## Available data:

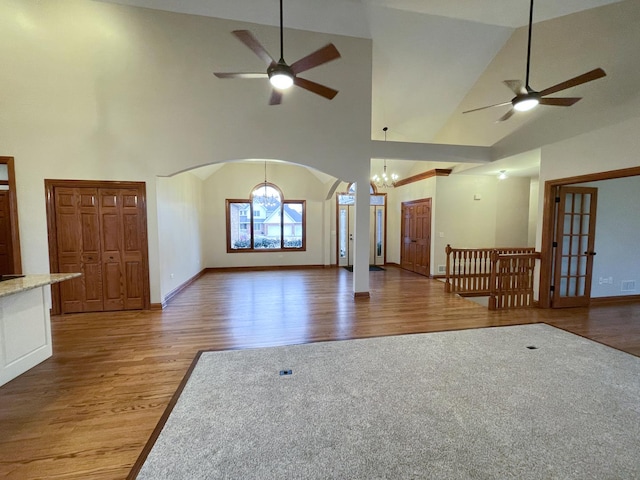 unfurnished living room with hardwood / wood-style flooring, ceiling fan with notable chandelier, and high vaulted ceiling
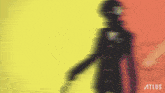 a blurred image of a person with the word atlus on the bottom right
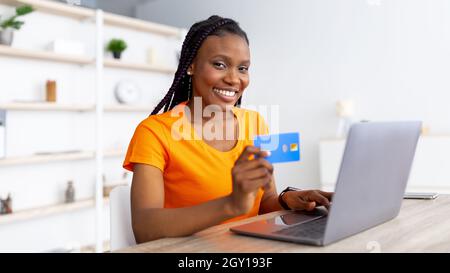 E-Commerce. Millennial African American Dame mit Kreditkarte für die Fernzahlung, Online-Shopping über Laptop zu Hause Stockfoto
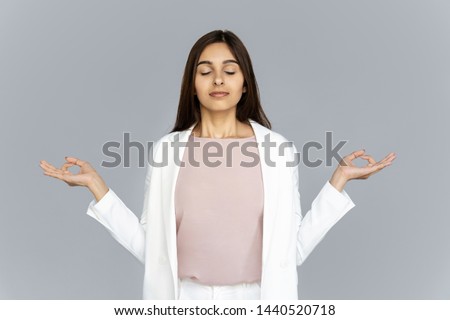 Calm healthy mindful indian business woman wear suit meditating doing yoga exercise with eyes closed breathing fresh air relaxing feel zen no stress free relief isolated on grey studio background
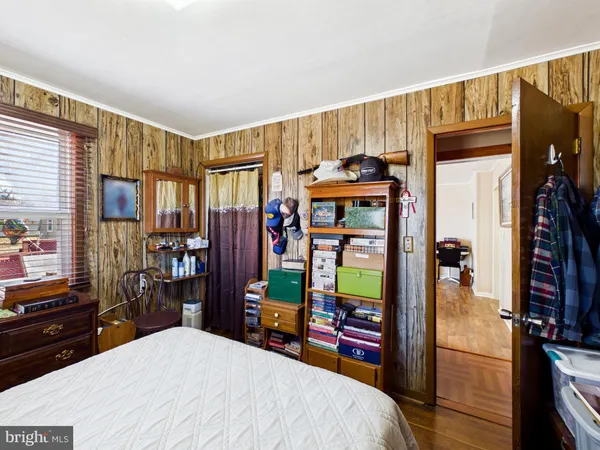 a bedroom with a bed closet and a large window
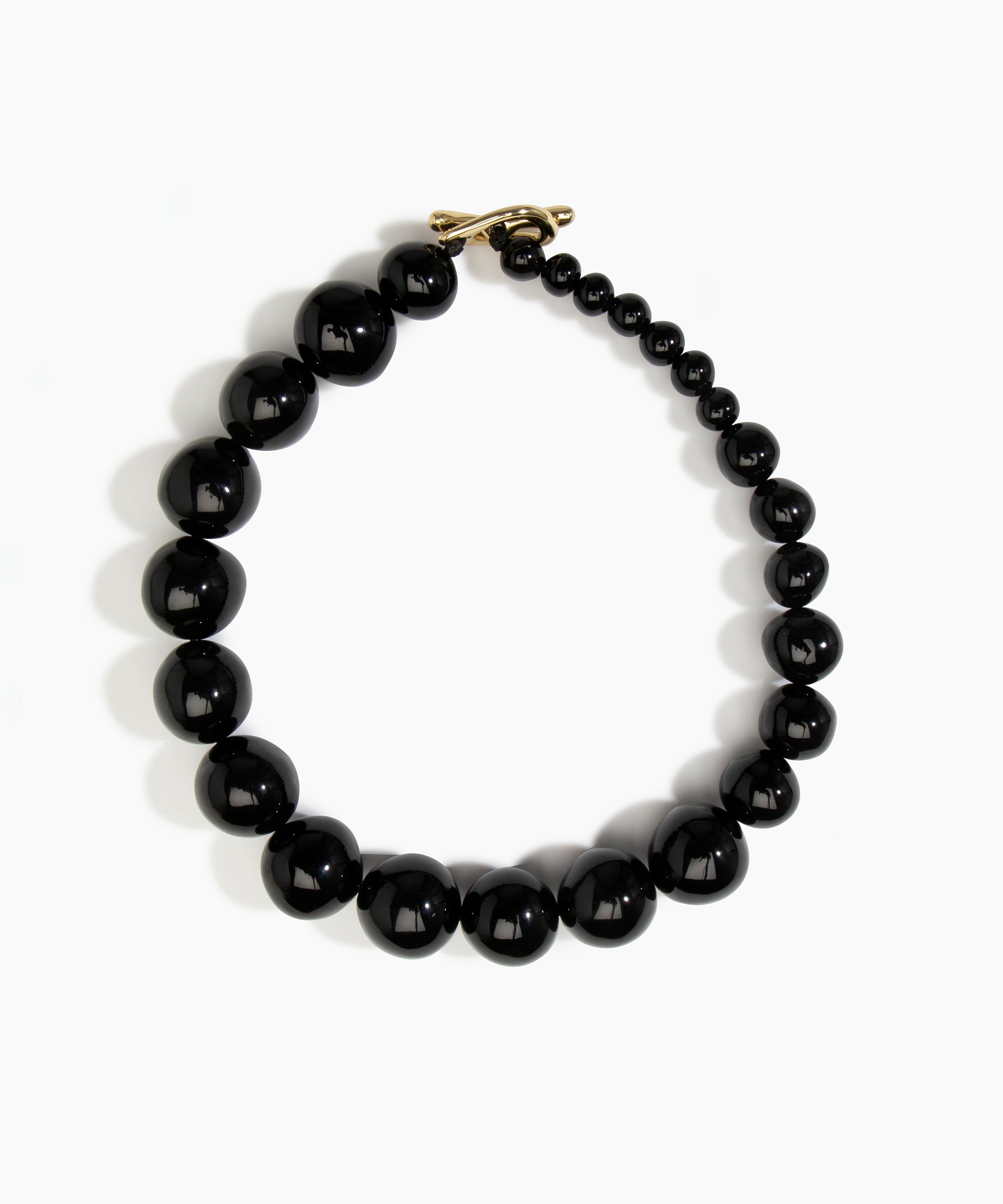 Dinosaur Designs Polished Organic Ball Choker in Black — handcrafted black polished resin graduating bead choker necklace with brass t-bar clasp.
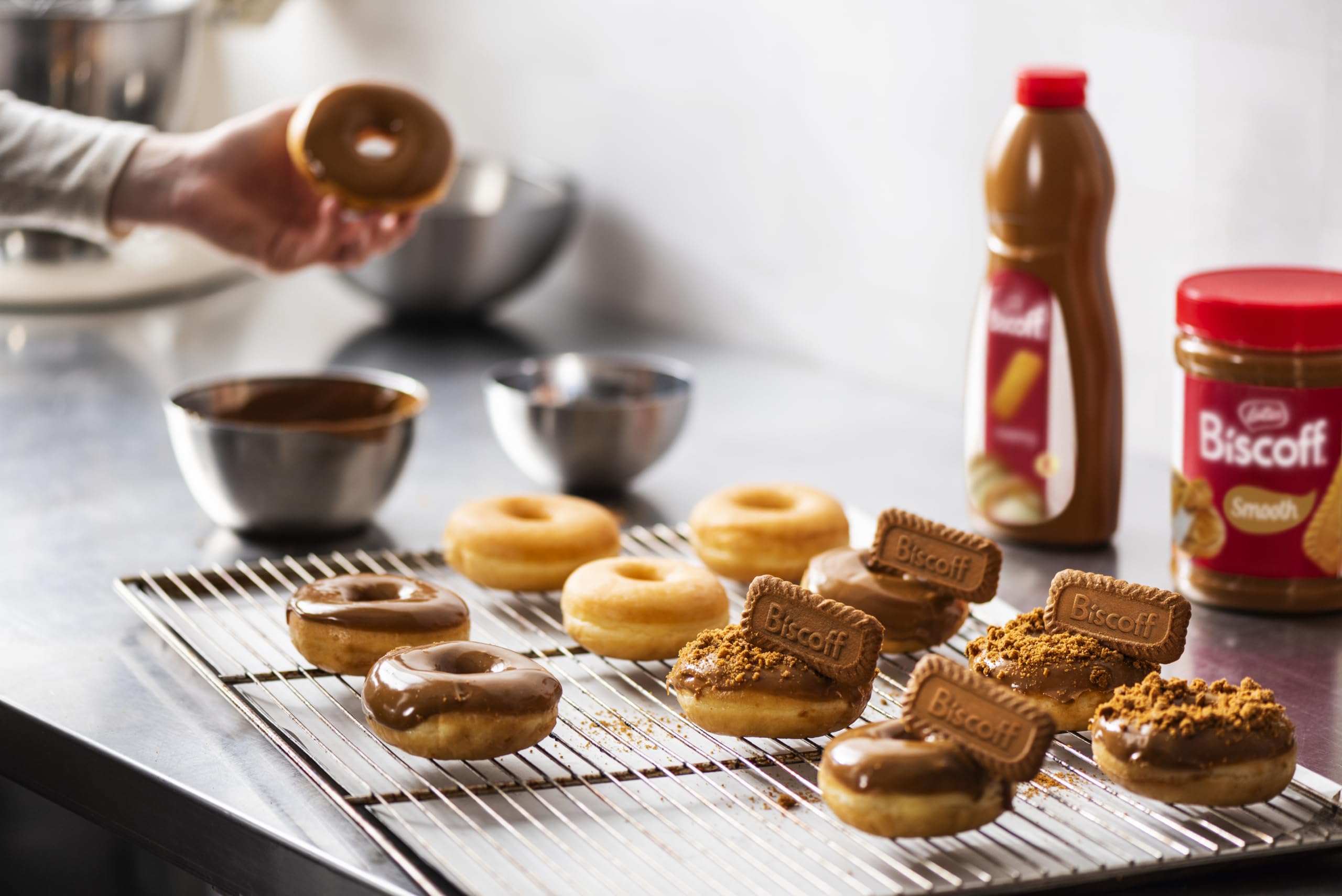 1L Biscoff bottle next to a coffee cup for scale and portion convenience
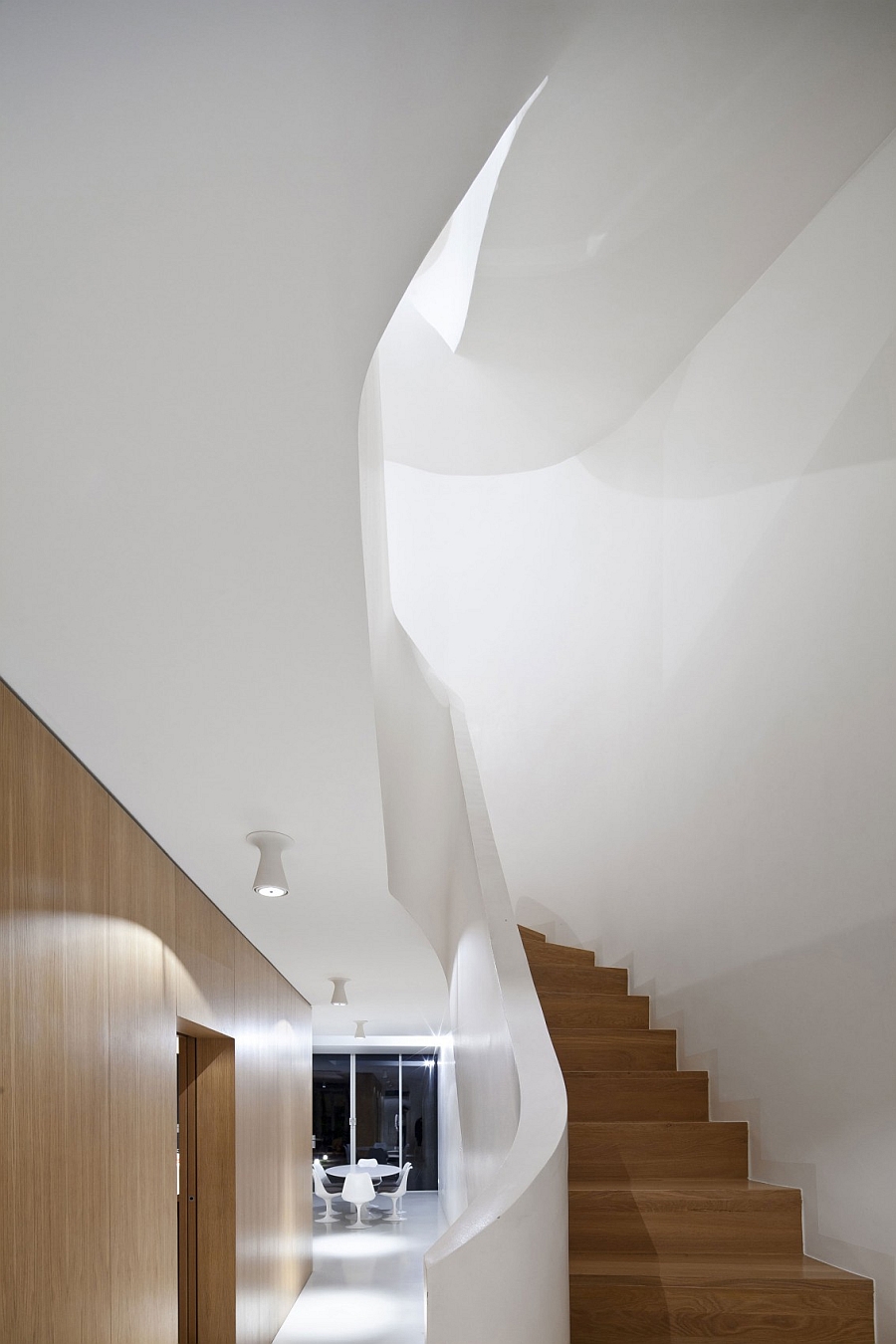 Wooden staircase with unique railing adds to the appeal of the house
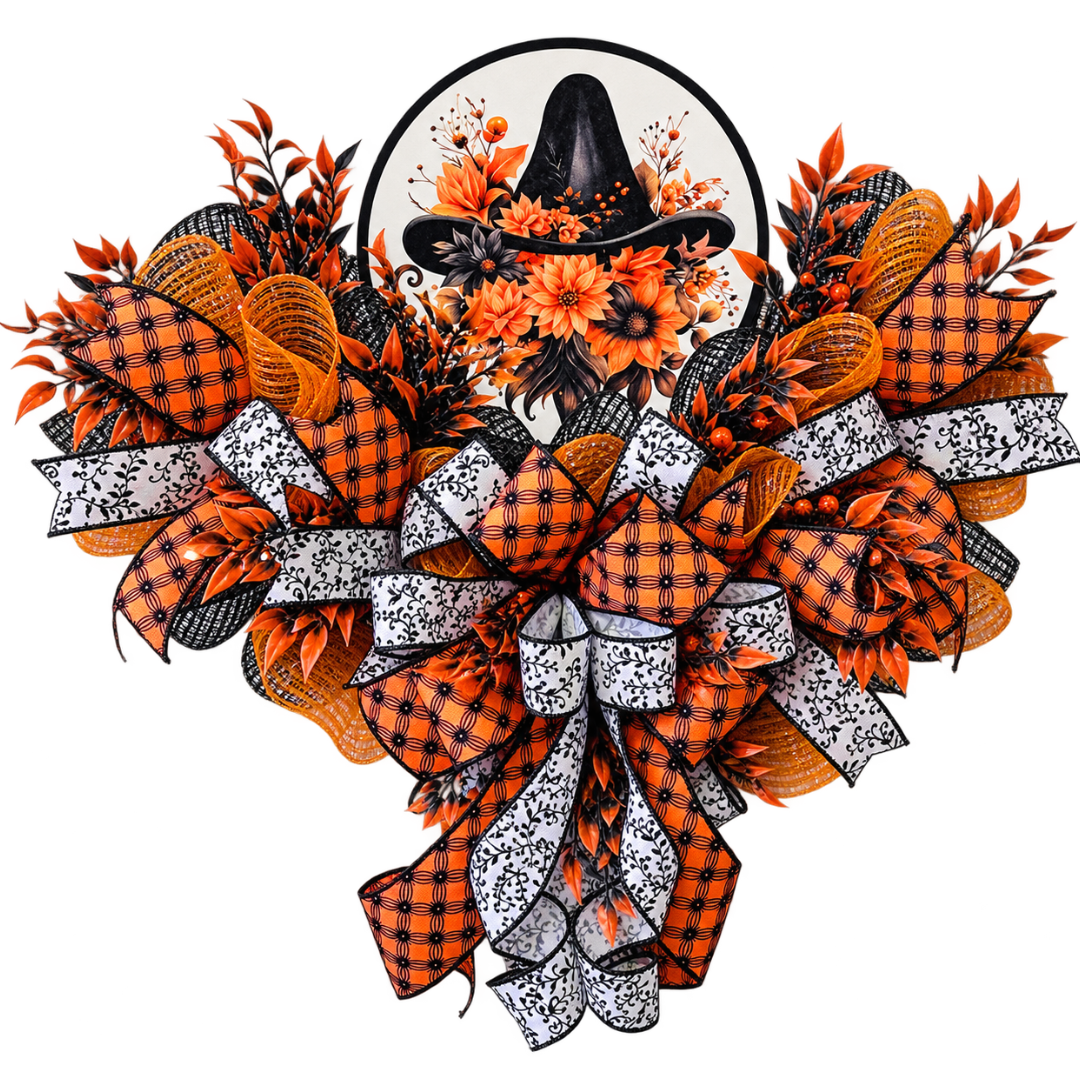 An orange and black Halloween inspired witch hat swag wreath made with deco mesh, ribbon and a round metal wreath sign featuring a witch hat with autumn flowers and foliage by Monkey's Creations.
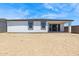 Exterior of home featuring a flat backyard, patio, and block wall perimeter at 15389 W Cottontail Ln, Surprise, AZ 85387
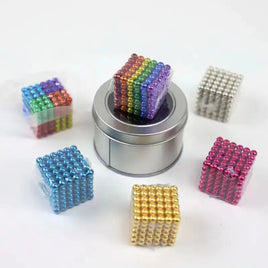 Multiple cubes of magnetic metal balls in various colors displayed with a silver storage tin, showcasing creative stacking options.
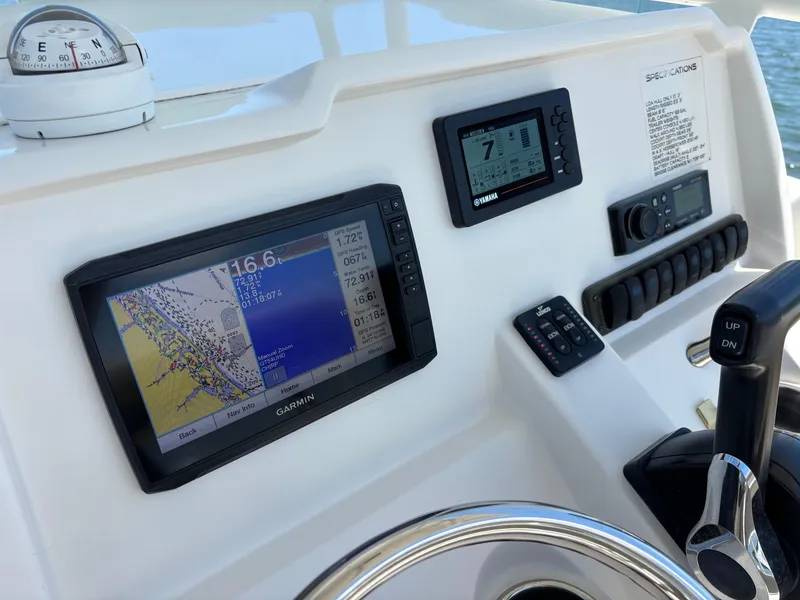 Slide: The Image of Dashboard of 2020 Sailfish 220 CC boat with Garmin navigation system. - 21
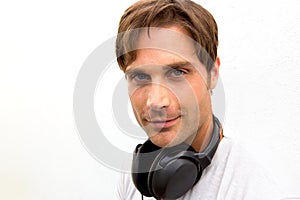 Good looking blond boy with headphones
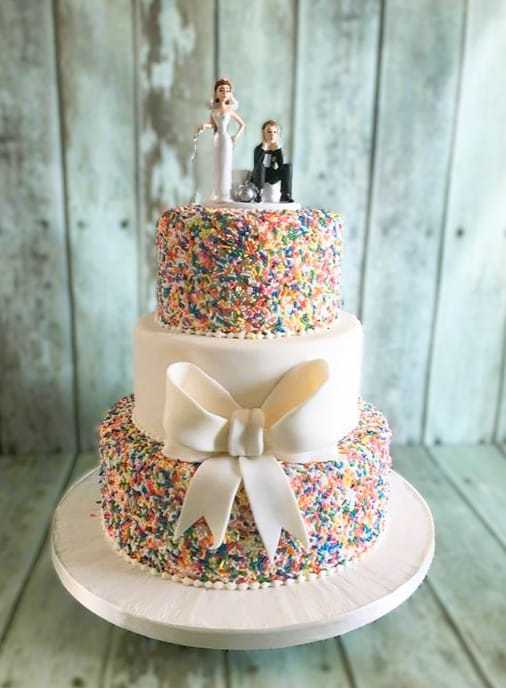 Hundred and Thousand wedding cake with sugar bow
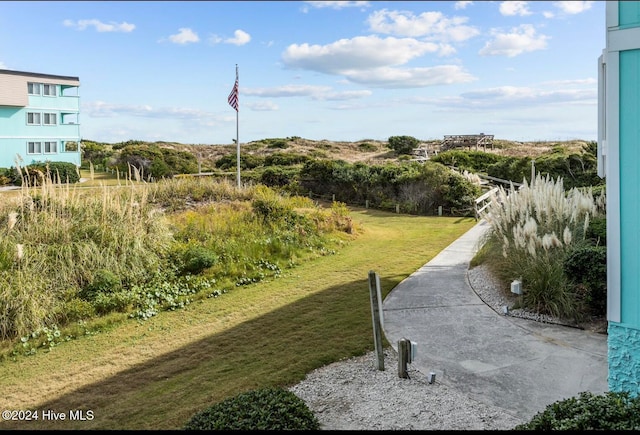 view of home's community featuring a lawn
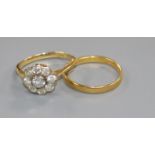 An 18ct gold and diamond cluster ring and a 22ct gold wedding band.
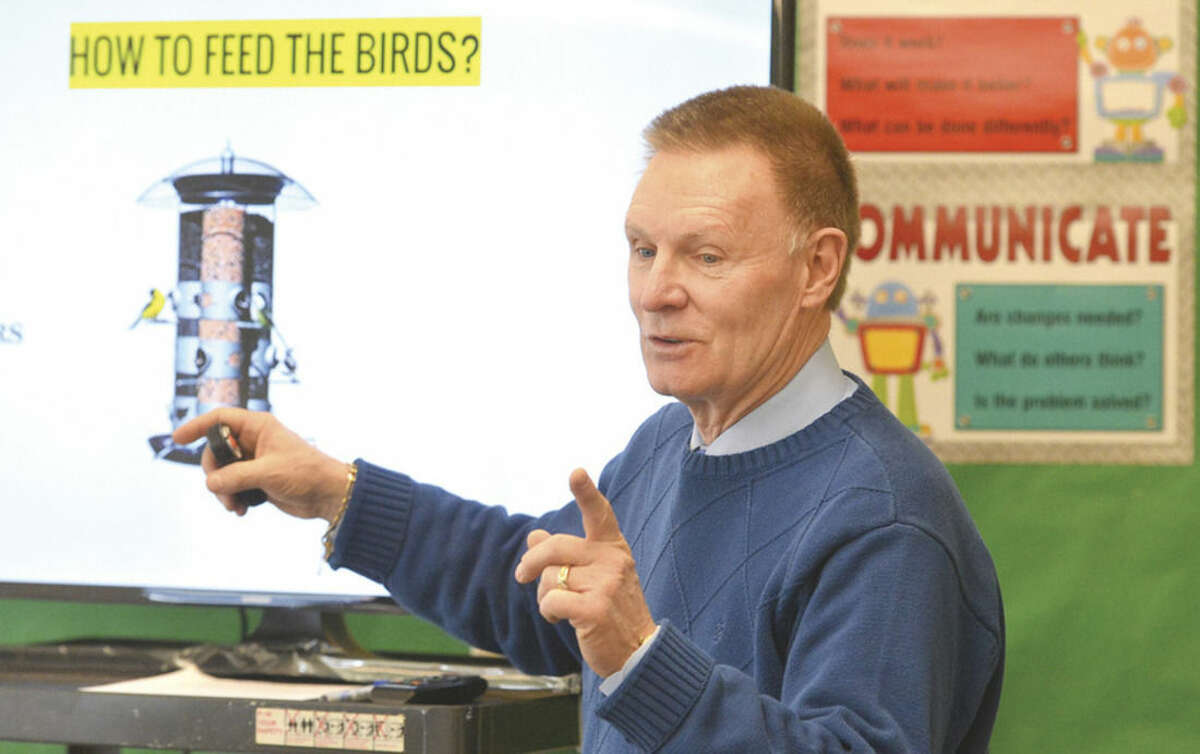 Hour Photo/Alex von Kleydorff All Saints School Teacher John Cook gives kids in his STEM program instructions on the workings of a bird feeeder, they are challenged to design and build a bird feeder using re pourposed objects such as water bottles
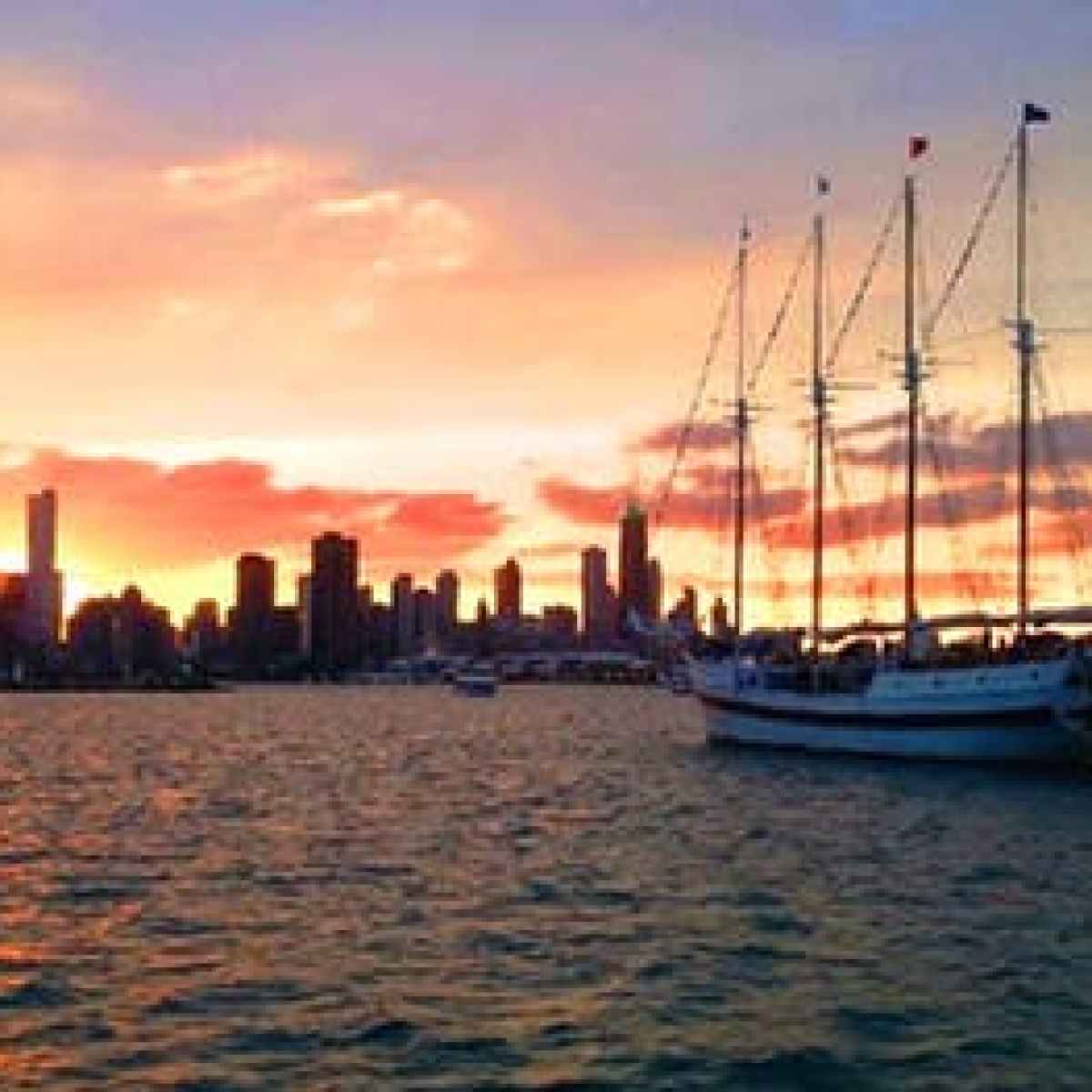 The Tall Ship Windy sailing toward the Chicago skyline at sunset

## Problem:
Please output exactly the lines from the line containing "view of home's community featuring a lawn" through the last line of the records above, both included, and leave out any pictures.

## Answer for the task:
 view of home's community featuring a lawn
 An 18ct gold and diamond cluster ring and a 22ct gold wedding band.
 Hour Photo/Alex von Kleydorff All Saints School Teacher John Cook gives kids in his STEM program instructions on the workings of a bird feeeder, they are challenged to design and build a bird feeder using re pourposed objects such as water bottles
 The Tall Ship Windy sailing toward the Chicago skyline at sunset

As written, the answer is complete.